Embora as taxas de pobreza tenham recuado quase 70% desde 2004, mais da metade da população total do país ainda se enquadra em segmentos de consumo básico e emergente. Para elevar o padrão de vida dessa população, o país precisa encontrar uma maneira de acelerar o crescimento para além da classe média, continuando a tirar pessoas da pobreza. Estar mais conectado à economia global pode ser uma alternativa.

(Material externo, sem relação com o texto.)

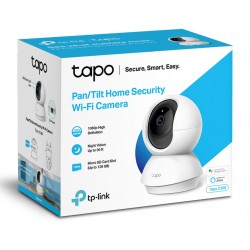 TP-LINK Wi-Fi Camera Tapo-C200 Full HD, Pan/Tilt, two-way audio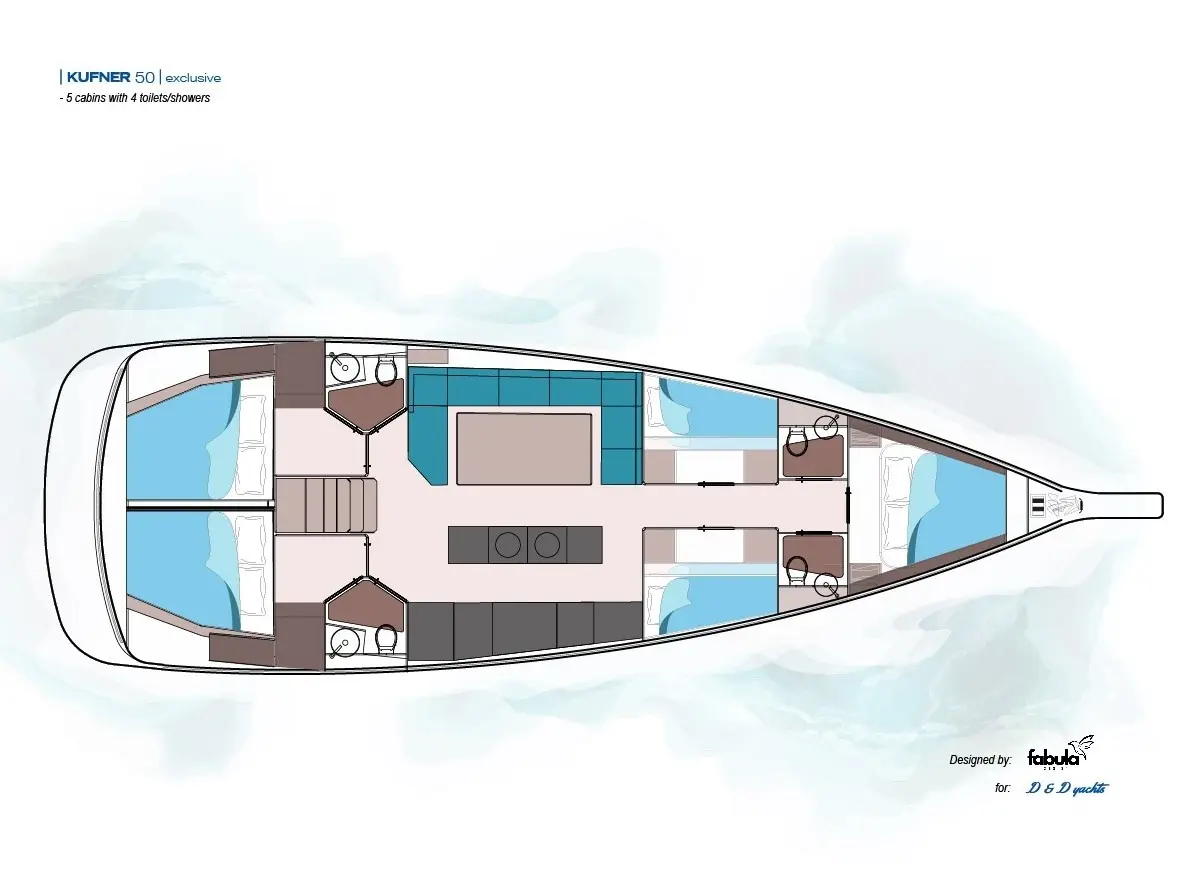 Mila D&D Kufner 50 I., Plan image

Isso envolveria deslocar o foco da proteção às indústrias locais para o aumento de sua competitividade nos mercados globais - uma mudança que obrigaria as empresas brasileiras a evoluir e eliminar as atuais lacunas de produtividade em todos os setores e entidades.
Em média, a produtividade dos diversos setores econômicos no Brasil corresponde a apenas 23% da dos EUA. Além disso, os setores de maior produtividade (financeiro, mineração, turismo e transporte) concentram uma pequena parcela do total de empregos: 10%, somados. Já aqueles de menor produtividade (agricultura e serviços) detém 30% do total de empregos da economia.
A situação fica ainda mais preocupante se considerarmos a seguinte dinâmica: nos 10 últimos anos, comércio, transporte e mineração eram os únicos setores que superavam os índices nacionais de produtividade e, ao mesmo tempo, ampliavam sua participação no emprego. A ampla maioria dos setores que aumentaram sua taxa de participação na força de trabalho apresentaram índices de aumento da produtividade abaixo da média. Alguns dos poucos setores com crescimento mais forte da produtividade viram diminuir sua participação no emprego - é o caso da agricultura e de outros serviços.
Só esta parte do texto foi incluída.